Automatic Page Repair in SQL Server Always On Availability Groups

Introduction

SQL Server Always On is a disaster and high availability feature. In the previous articles, we explored the following features.

AG failover in case of primary replica goes down
Manual failover
Database level health detection that initiates a failover in case any AG database changes its state from online and SQL Server not able to write in the transaction log

In the above points, we safeguard SQL Server for the instance and DB failover. Suppose your AG replica is healthy, but one of your AG databases becomes corrupt. You get a logical consistency error if you execute the DBCC CHECKDB command. You might have an excellent copy of that database page in another participating replica. Let’s find the answer to a few questions in this article.

How does SQL Server Always On help us to recover the corrupt page in this scenario?
What happens if a page corrupts in the AG database on the primary replica?

Prerequisites

You can follow the series articles and prepare a two-node SQL Server Always On Availability Group, as shown below.

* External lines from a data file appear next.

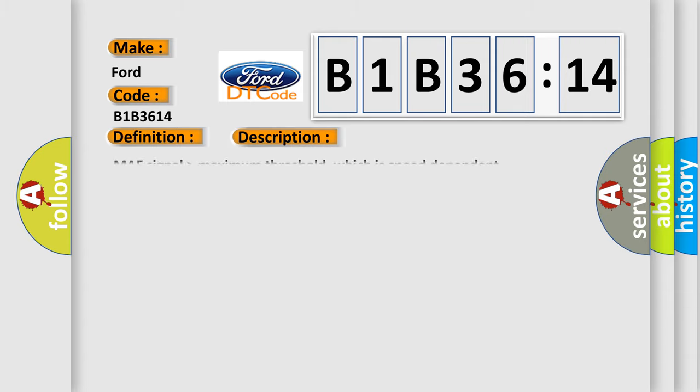And now this is a short description of this DTC code: MAF signal higher than maximum threshold, which is speed dependent.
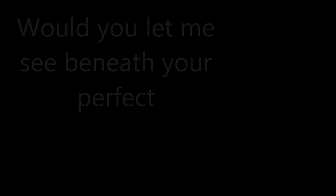Won't you let me see beneath your beautiful, let me see beneath your perfect. Cause I'm in love with you, you're in love with me, you my sweetheart. I'm in love with you, you're in love with me, you my sweetheart. And I want you to stay.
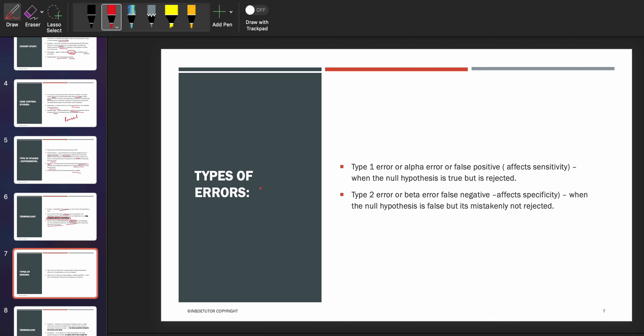Let's talk about type 1 and type 2 errors — very important for the INBD exam. Type 1 error is also called alpha error or false positive. It affects sensitivity when the null hypothesis is true but is rejected. Type 2 error is also called beta error or false negative — it affects specificity when the null hypothesis is false but is mistakenly not rejected. Type 1 error means you are asserting something that is absent — false positive. Type 2 error is failing to detect something that is present — false negative.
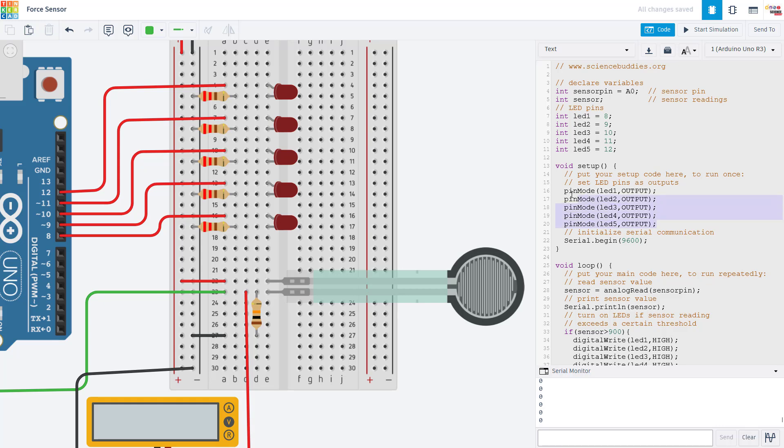Now we cover LEDs in one of the videos much earlier in our Arduino tutorial series, so I'm not really going to talk about them in this video. Again, you can find the link to the entire series in the description if you need to go back and check that out.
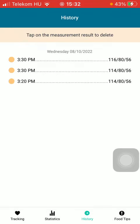And now your result is deleted. So that's pretty much it for this video. I hope it was helpful for you — if it was, please consider subscribing, and see you in the next one. Bye bye!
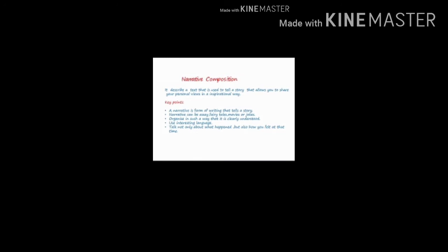In the writing portion, today we will learn about narrative composition. If you think it's something else, it's very difficult or something like that.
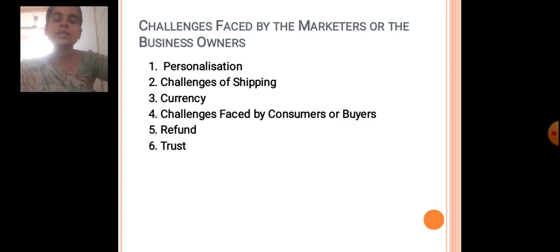Challenges faced by the marketer or business owner include personalization and challenges of shipping and currency. Challenges faced by the consumer or buyer include issues of trust and reliability.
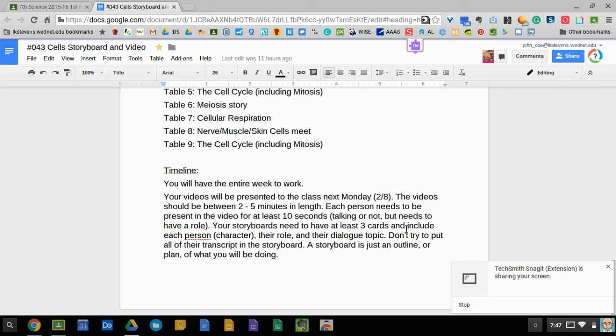So there you go, pretty big assignment in terms of instructions but I know you can handle it.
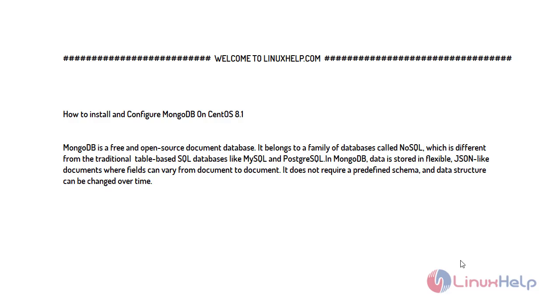Welcome to linuxhelp.com. For today's topic I will show you how to install and configure MongoDB on CentOS 8.1.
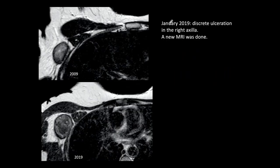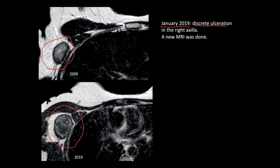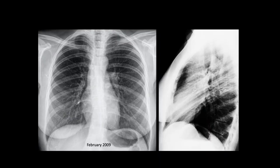Until January 2019, about 10 years after the intervention, the patient discovered a discrete ulceration on the right axilla. A new MRI was done and compared to the previous one. In 2009 there was a mass; in 2019 the mass has increased slightly in size and the interior looks different. Since everybody was puzzled, it was decided to review all previous examinations, including the chest X-rays.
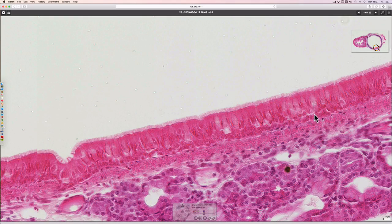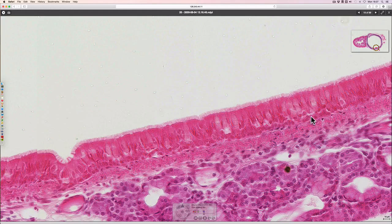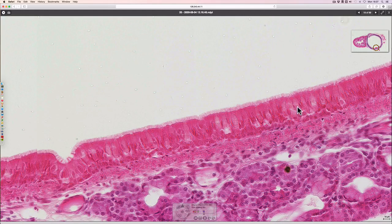Because of this, although it's a simple columnar epithelium, it looks quite disorganised, and people initially thought it might be stratified — i.e. layered. It's not. So it's called pseudostratified columnar ciliated epithelium.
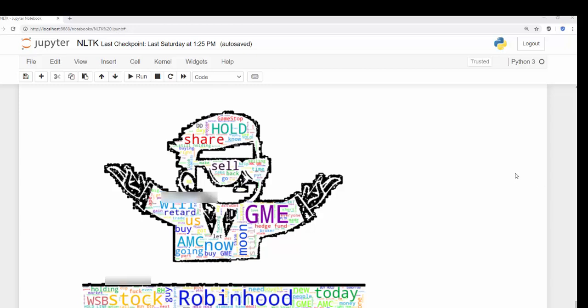Hi, I want to quickly show you how to make a pretty cool word cloud using some data from WallStreetBets. Please excuse any foul language here — I brought this in exactly how it was. This is going to be a very efficient way to use the NLTK library to create a word cloud. We're going to use a function, and this is going to be in the result. So let's get started.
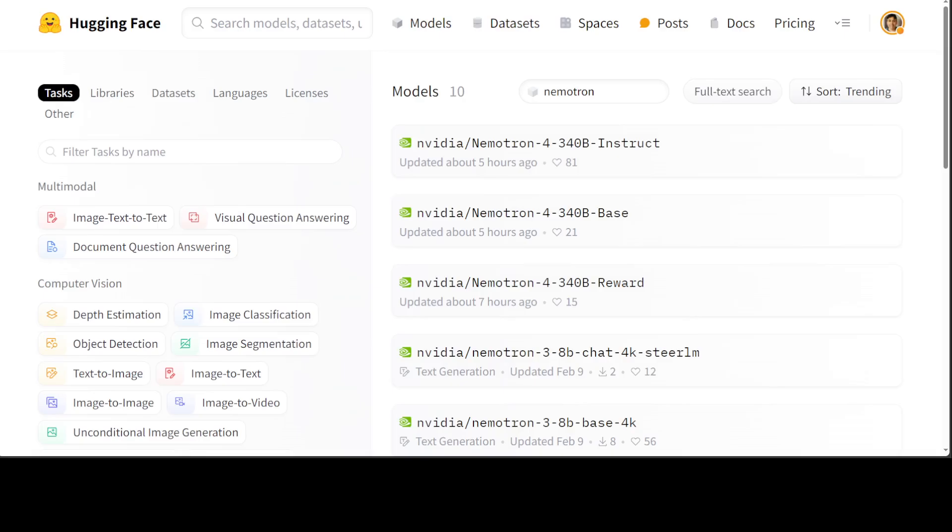This family includes Nemotron-4 340B base, instruct, and reward variants. These models are open access under the NVIDIA Open Model License Agreement, which is a permissive license quite similar to Apache 2.0. These models perform competitively to open access models on a wide range of evaluation benchmarks.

Current Primary replica: SQLNode1\INST1
Current Secondary replica: SQLNode2\INST1
AG Mode: Synchronous commit

My Demo AG setup

Automatic Page Repair in SQL Server Always On Availability Groups

SQL Server supports automatic page repair for the databases participating in AG configuration. If SQL detects specific corruption errors (Error id 823,824 & 829) for an AG database, SQL Server tries to restore the page from the corresponding replica(primary or secondary).

It works for the following consistency errors.

Error 823: We get this error if the operating system performs a cyclic redundancy check that failed on the data
Error 824: Logical consistency errors such as bad page checksum, torn page detection
Error 829: SQL Server raises error 829 if a page is marked as restore pending

Resolve a page corruption issues on the Primary replica in SQL Server Always On Availability Groups

Let us consider that my AG database is in the synchronized state and communicating with the secondary replica. Now, you get the IO error in an AG database on the primary replica. The below diagram shows the high-level steps for the automatic page repair if any page corrupts at the primary replica.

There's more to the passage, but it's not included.